• _WORK ORDER_
Copy exactly the lines from the one containing "Four Hands Zye Dark Orange Wall Art" through the last line of the records below, including both, and leave out any pictures.

• _RECORDS TO PROCESS_
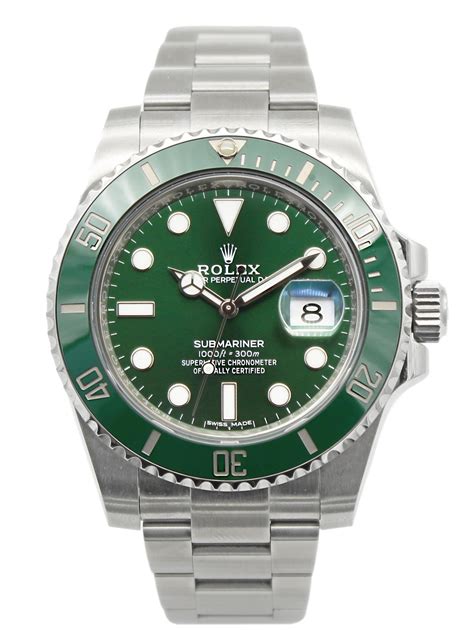 rolex submariner 11610lv|rolex hulk 2020 prices.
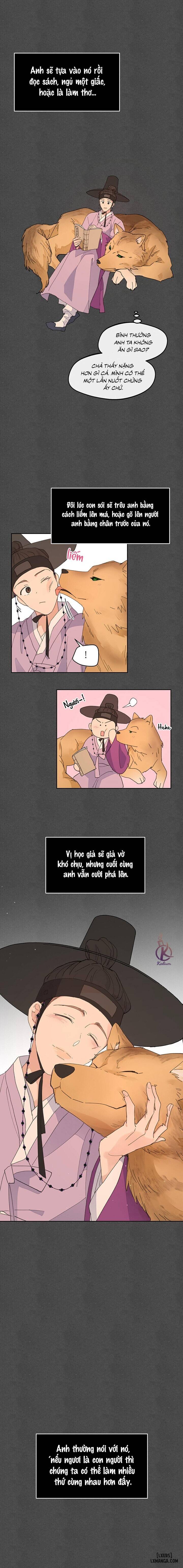 HentaiVN.net - Ảnh 18 - Tâm tư của Ju In - Chap 105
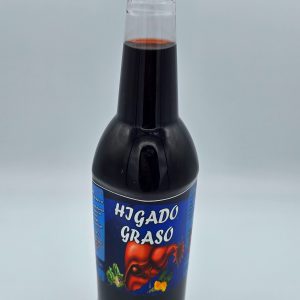 VINO NATURAL HIGADO GRASO 750 ml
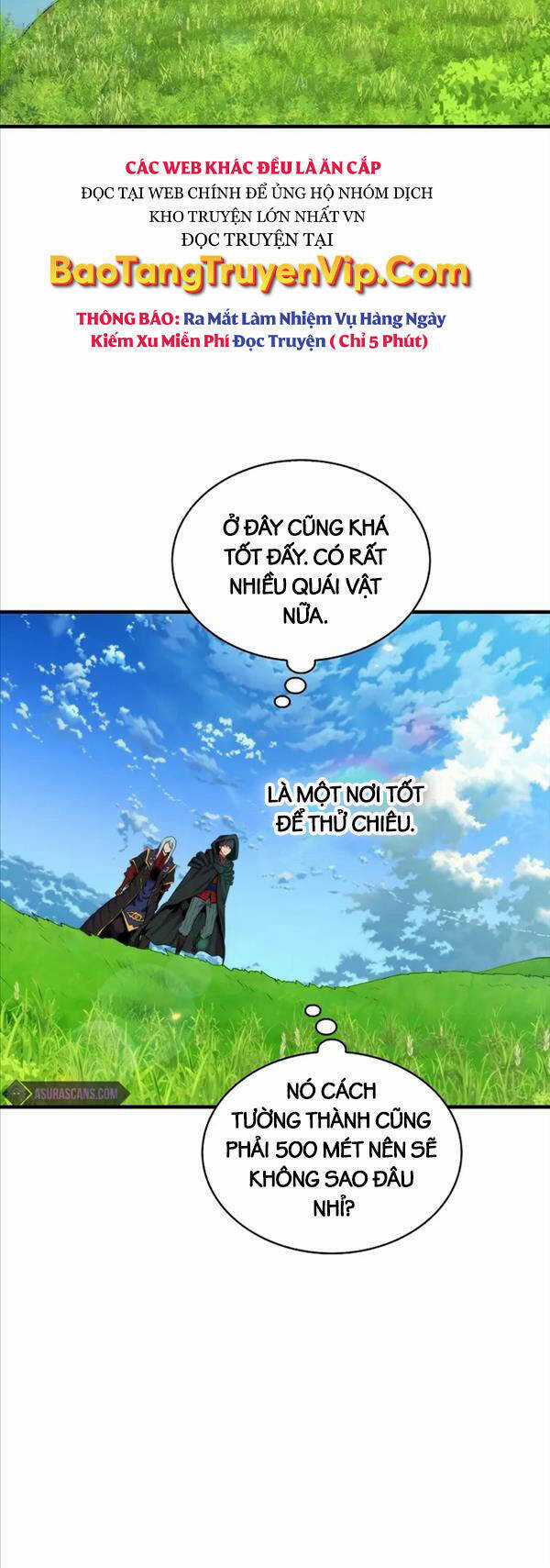 Tôi Thăng Cấp Trong Lúc Ngủ Chapter 63 trang 10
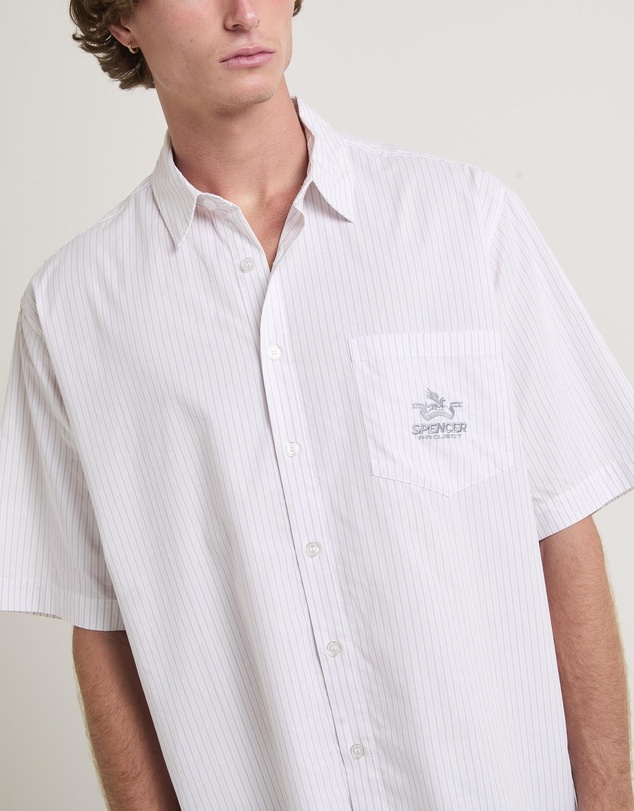 Spencer Project - Skate Holiday Short Sleeve Shirt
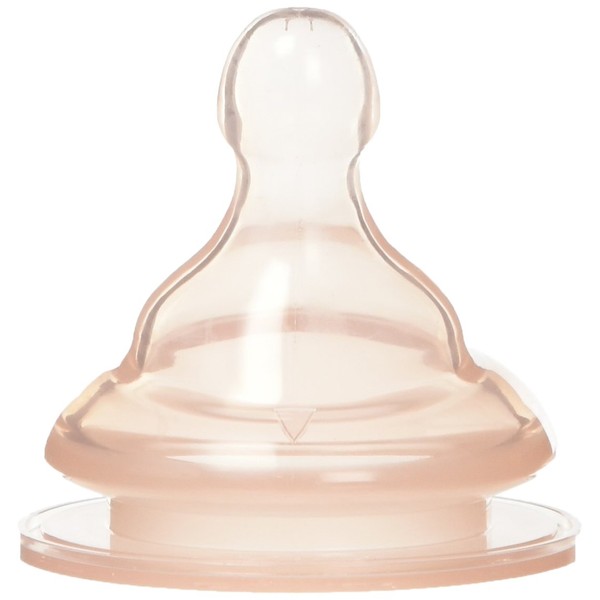 Combi Teteo Breastfeeding Guide Nipple transparent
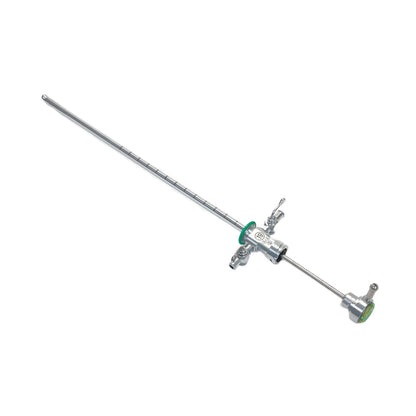 K. Storz 27026D Sheath W/ 27026DO Obturator Set 19 Fr Instrument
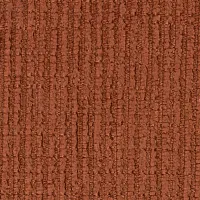 Four Hands Zye Dark Orange Wall Art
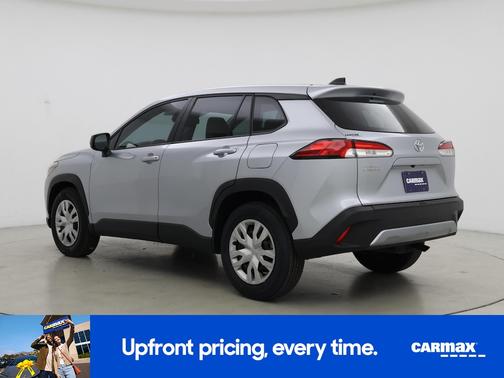 2025 Toyota Corolla Cross L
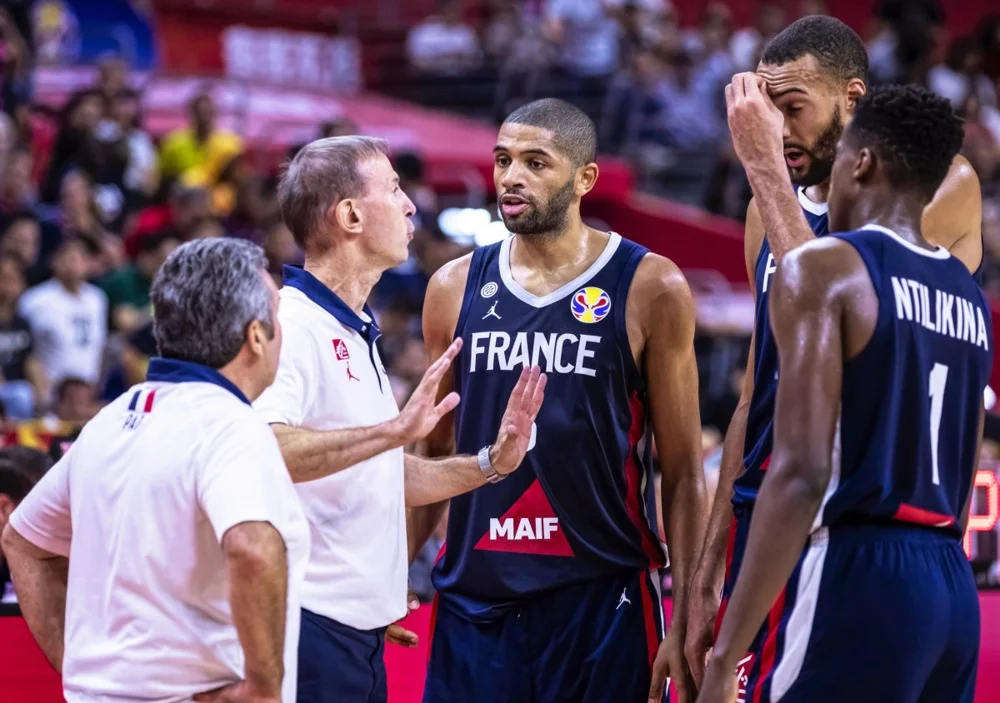 Francuska ostala bez pleja pred Mundobasket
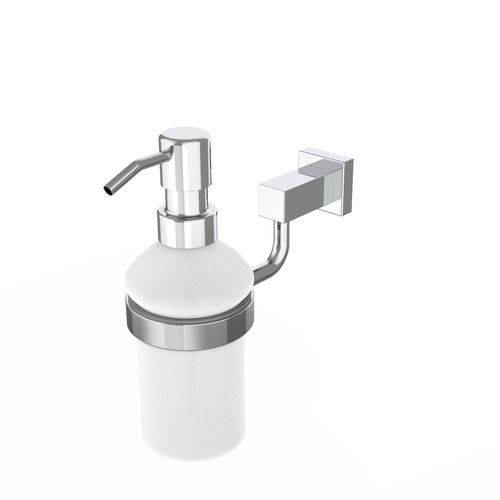 Distributore di sapone professionale - 5487185 - ERLAU - per uso residenziale / da parete / in acciaio inossidabile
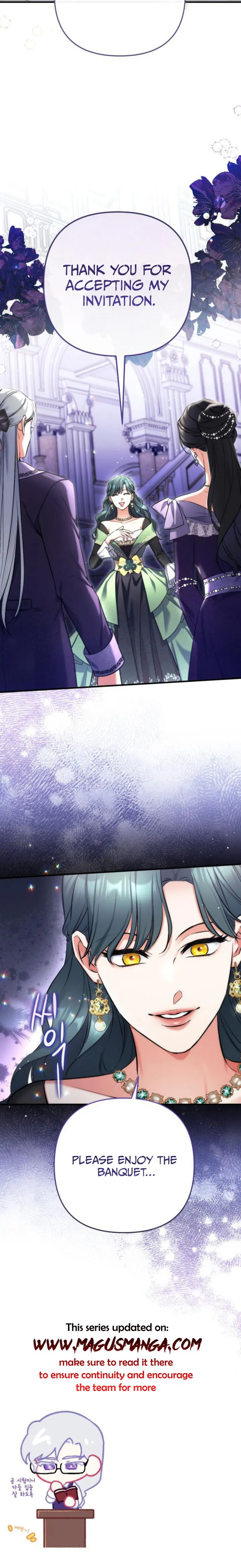 For My Lost Love Chapter 64 - page 20
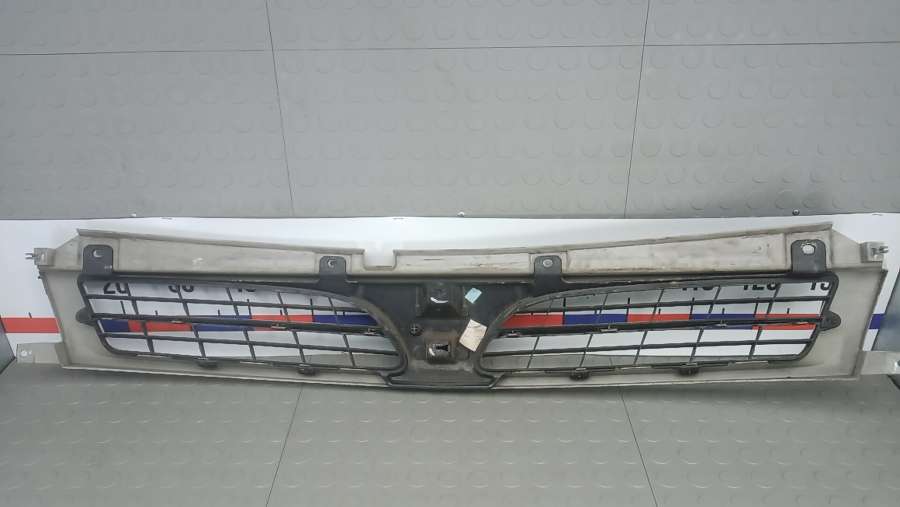 Решетка радиатора NISSAN INTERSTAR X70 0000г. | Фото № 8 Решетка радиатора NISSAN INTERSTAR X70 0000г. - Фото 8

• _ANSWER SECTION_
 Four Hands Zye Dark Orange Wall Art
 2025 Toyota Corolla Cross L
 Francuska ostala bez pleja pred Mundobasket
 Distributore di sapone professionale - 5487185 - ERLAU - per uso residenziale / da parete / in acciaio inossidabile
 For My Lost Love Chapter 64 - page 20
 Решетка радиатора NISSAN INTERSTAR X70 0000г. | Фото № 8 Решетка радиатора NISSAN INTERSTAR X70 0000г. - Фото 8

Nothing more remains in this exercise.